Reusing DotEnv Configuration with the Shell
A common security pattern is to add environment-specific configuration and secrets into a local, unversioned file. You’re probably already doing this with a tool called DotEnv. Let’s see how we can reuse that between PHP and the shell.
If you’re using Laravel, or any other recent framework or PHP project, you’re probably familiar with the DotEnv project. If you’ve ever copied a .env.example
file to .env
then you are!
Basically, we can use the .env
file to specify local environment variables for our PHP script - as long as DotEnv is loaded and being initialized.
Sometimes it’s necessary to use those same variables with other tooling - like local shell scripts. Luckily, this is very easy!
Here’s the situation. At the root of our project, we have our .env
file with a URL variable. Then, we have a bin/ping
script that will ping our project via that URL. We don’t want to have to specify it twice. Let’s see how this works.

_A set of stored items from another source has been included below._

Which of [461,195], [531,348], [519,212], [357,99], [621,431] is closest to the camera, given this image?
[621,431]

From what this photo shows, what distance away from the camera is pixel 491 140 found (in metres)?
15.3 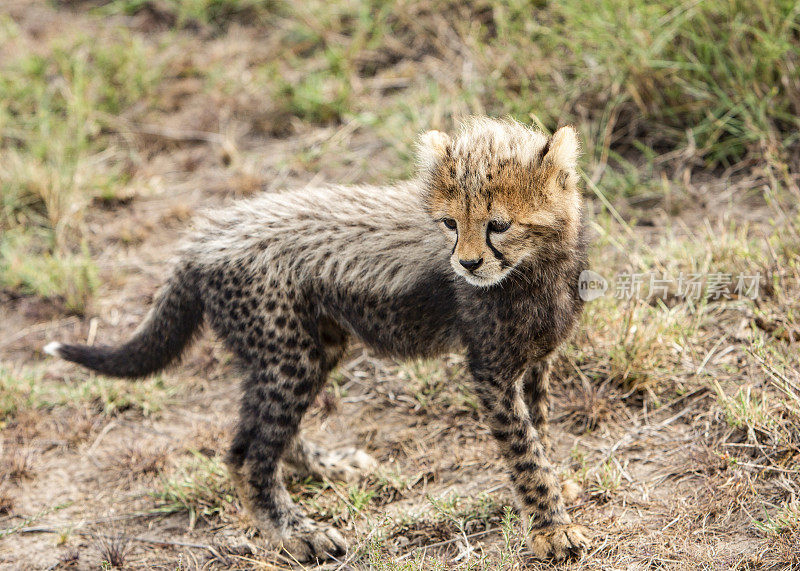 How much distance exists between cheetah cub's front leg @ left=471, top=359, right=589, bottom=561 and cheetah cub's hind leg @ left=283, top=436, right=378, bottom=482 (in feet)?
2.82

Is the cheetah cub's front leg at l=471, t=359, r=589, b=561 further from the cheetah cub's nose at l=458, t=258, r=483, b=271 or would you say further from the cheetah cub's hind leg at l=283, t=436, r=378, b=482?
the cheetah cub's hind leg at l=283, t=436, r=378, b=482

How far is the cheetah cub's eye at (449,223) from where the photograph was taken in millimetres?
3232

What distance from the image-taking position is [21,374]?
4.94m

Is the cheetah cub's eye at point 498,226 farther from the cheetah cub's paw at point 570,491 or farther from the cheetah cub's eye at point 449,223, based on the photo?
the cheetah cub's paw at point 570,491

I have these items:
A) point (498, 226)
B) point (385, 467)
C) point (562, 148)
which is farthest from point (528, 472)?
point (562, 148)

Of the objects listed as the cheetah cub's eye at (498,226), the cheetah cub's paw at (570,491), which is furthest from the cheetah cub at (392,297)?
the cheetah cub's paw at (570,491)

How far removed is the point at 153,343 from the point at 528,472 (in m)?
1.81

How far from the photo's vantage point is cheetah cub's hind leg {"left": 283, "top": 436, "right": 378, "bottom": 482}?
407 centimetres

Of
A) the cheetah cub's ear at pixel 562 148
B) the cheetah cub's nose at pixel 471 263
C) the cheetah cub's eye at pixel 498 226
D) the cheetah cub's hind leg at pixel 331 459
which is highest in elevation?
the cheetah cub's ear at pixel 562 148

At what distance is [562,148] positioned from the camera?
10.5 feet

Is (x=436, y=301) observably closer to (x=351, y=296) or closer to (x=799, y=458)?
(x=351, y=296)

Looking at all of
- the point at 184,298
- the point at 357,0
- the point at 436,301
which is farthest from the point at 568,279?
the point at 357,0

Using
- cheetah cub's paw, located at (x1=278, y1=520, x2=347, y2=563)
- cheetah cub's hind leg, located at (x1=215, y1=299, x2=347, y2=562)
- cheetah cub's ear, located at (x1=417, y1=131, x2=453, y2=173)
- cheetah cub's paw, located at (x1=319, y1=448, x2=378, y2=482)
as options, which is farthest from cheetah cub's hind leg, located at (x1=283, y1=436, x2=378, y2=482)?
cheetah cub's ear, located at (x1=417, y1=131, x2=453, y2=173)

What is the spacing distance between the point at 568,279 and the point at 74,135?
15.6 ft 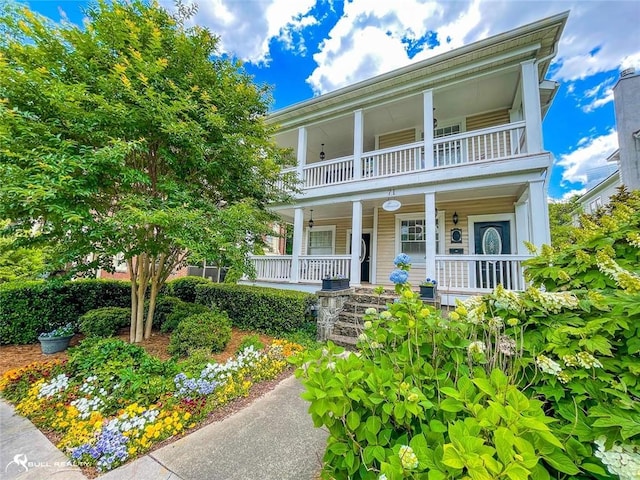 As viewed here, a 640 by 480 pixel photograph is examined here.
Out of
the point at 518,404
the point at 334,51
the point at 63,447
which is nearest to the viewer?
the point at 518,404

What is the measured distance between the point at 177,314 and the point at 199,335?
1.56 m

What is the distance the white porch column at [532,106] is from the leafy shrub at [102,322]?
9846 mm

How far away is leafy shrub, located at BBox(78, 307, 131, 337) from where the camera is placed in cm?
514

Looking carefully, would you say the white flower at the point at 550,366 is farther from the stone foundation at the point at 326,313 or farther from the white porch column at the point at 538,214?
the white porch column at the point at 538,214

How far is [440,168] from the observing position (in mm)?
6398

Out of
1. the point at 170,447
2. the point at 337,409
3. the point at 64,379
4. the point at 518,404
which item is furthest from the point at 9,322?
the point at 518,404

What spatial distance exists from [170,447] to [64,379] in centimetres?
211

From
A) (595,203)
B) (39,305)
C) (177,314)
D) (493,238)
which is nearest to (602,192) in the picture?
(595,203)

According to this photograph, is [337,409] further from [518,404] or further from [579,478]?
[579,478]

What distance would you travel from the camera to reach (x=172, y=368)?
362cm

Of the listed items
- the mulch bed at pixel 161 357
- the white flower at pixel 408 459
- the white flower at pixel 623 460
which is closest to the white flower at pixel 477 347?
the white flower at pixel 623 460

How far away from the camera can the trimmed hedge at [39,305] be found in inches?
200

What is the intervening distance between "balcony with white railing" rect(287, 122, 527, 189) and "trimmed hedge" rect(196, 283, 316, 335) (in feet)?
12.3

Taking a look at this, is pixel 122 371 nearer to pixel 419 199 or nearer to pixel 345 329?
pixel 345 329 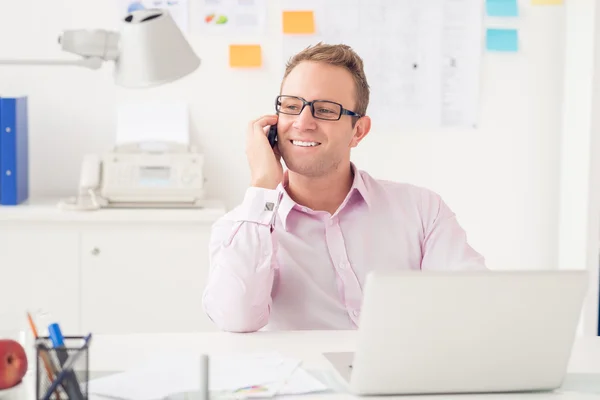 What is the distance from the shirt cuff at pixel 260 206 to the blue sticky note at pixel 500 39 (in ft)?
6.40

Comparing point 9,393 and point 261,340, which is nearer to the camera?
point 9,393

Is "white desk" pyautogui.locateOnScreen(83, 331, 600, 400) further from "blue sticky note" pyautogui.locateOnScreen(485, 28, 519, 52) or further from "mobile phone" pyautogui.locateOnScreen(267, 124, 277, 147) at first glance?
"blue sticky note" pyautogui.locateOnScreen(485, 28, 519, 52)

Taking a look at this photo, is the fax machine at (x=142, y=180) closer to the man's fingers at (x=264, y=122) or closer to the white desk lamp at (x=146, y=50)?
the man's fingers at (x=264, y=122)

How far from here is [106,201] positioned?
3.34 meters

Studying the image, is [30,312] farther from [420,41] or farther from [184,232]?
[420,41]

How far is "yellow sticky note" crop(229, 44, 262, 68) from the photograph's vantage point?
3.63m

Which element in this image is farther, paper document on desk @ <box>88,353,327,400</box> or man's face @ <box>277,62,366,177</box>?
man's face @ <box>277,62,366,177</box>

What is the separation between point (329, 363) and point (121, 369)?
37 cm

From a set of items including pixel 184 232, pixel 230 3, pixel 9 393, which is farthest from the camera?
pixel 230 3

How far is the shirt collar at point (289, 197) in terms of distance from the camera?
2.19 meters

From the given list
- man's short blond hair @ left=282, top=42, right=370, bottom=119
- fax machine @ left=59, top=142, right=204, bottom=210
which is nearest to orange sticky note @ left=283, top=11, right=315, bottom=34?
fax machine @ left=59, top=142, right=204, bottom=210

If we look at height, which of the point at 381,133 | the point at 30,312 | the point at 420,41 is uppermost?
the point at 420,41

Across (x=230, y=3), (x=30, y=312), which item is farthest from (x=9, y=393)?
(x=230, y=3)

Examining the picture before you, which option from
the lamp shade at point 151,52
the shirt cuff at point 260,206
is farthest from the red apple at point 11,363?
the shirt cuff at point 260,206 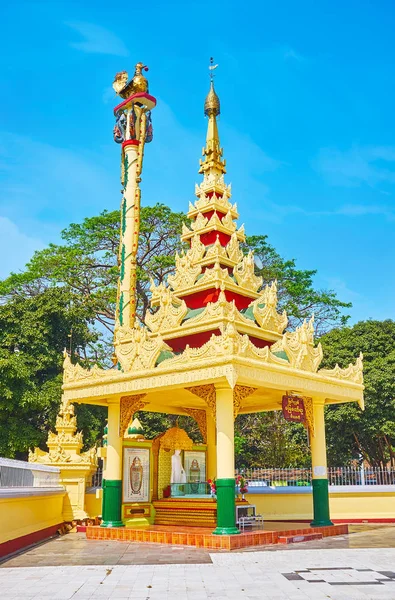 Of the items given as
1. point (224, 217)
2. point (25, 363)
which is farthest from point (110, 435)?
point (25, 363)

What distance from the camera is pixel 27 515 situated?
523 inches

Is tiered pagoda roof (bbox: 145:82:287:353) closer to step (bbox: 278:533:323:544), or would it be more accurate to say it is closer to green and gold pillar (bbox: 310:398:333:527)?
green and gold pillar (bbox: 310:398:333:527)

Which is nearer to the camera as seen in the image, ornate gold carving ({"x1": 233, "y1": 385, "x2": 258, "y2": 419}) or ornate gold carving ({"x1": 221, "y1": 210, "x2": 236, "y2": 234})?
ornate gold carving ({"x1": 233, "y1": 385, "x2": 258, "y2": 419})

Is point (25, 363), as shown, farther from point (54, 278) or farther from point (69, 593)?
point (69, 593)

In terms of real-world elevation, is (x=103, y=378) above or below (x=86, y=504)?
above

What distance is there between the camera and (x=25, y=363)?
1005 inches

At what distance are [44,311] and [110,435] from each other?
494 inches

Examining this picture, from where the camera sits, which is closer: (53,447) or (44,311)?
(53,447)

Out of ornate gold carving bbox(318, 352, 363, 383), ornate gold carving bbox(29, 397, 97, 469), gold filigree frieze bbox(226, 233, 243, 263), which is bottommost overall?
ornate gold carving bbox(29, 397, 97, 469)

APP_URL=https://my-website.local
#!/usr/bin/env bash
source "`dirname $0`/../.env"
ping $APP_URL
Now, your environment variables are available to the script as well. When you call the dirname
command, you get the current directory of the running script. Since we know where it’s located, and where our .env
file is, we can then use that
to source it. This then makes all of the variables available in the current environment.